"Nature is far more imaginative than we are."
Stamatios M. Krimigis, scientist at the John Hopkins Applied Physics Laboratory
Image obtained from NASA 2002 shows one of twin Voyager spacecrafts, launched in 1977. |
"We were planning, and it really paid off."
Dr. Edward C. Stone, NASA
These quotes seemingly contradict each other and yet are offered by fellow scientists following a 35-year project into our solar system and hoping the beyond.

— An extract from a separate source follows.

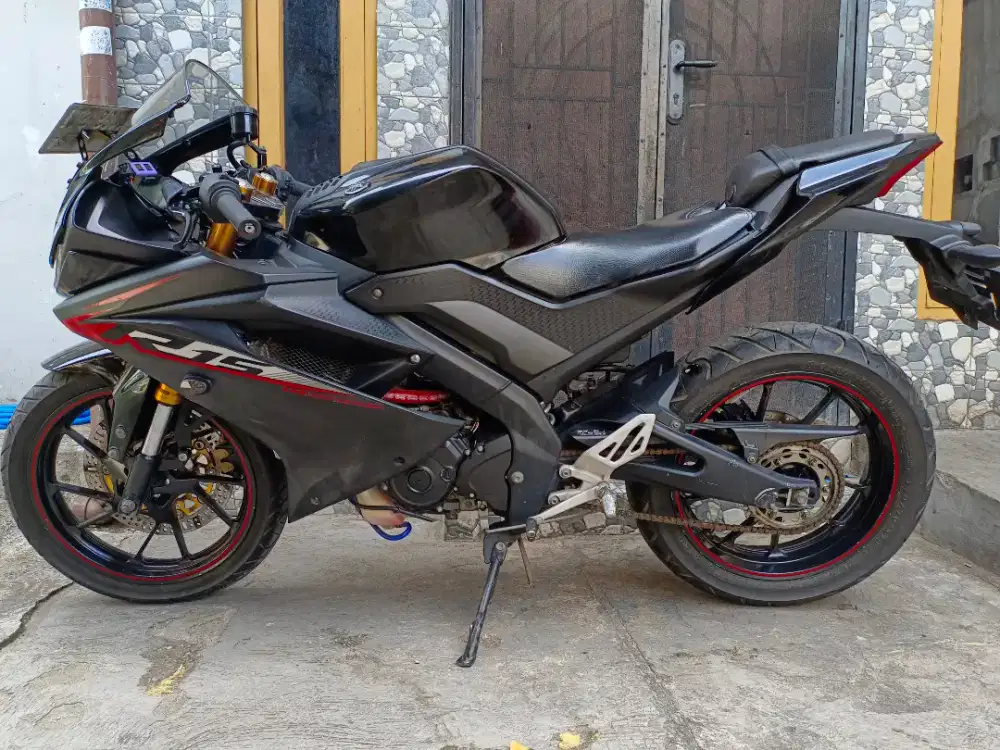 Yamaha R15 V3 LED VVA Tahun 2019 JOZZZ Mesin Halus Siap tancap Gass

Voyager spacecrafts (there were two) were launched in 1977 to explore Jupiter, Saturn, Uranus and Neptune. Today, both crafts are still going with key instruments on board still functional. Voyager 1 traveling at 38,000 miles per hour is reaching the outermost boundaries of the solar system, the last frontier for the empire of our Sun (heliosphere), as called by NY Times writer Kenneth Chang in his article Going, Going, Still Going? Voyager 1 at Solar System's Edge.
Scientists expected that two things would happen once the Voyager 1 reached the heliopause, the actual boundary of the solar system. First they anticipated that the solar wind would cease--a stream of charged particles blown out by the sun. The second sign of the solar system's edge would be a shift in the magnetic field.
As I was reading the story told by the data sent back from Voyager 1, I realized two things--how much we know and how much we are surprised by what we didn't know. To think that scientists from the 1970's could have built instruments to survive in space for 35 years and counting, far longer than they anticipated, is amazing. Those instruments are collecting data that we are using to expand our understanding. And as the article explains, those instruments are recording data that we never anticipated.
So, both quotes by the scientists involved in various parts of this process are descriptive of the process of science and, in a larger sense, the process of life. Planning and amazement are all part of the act of living.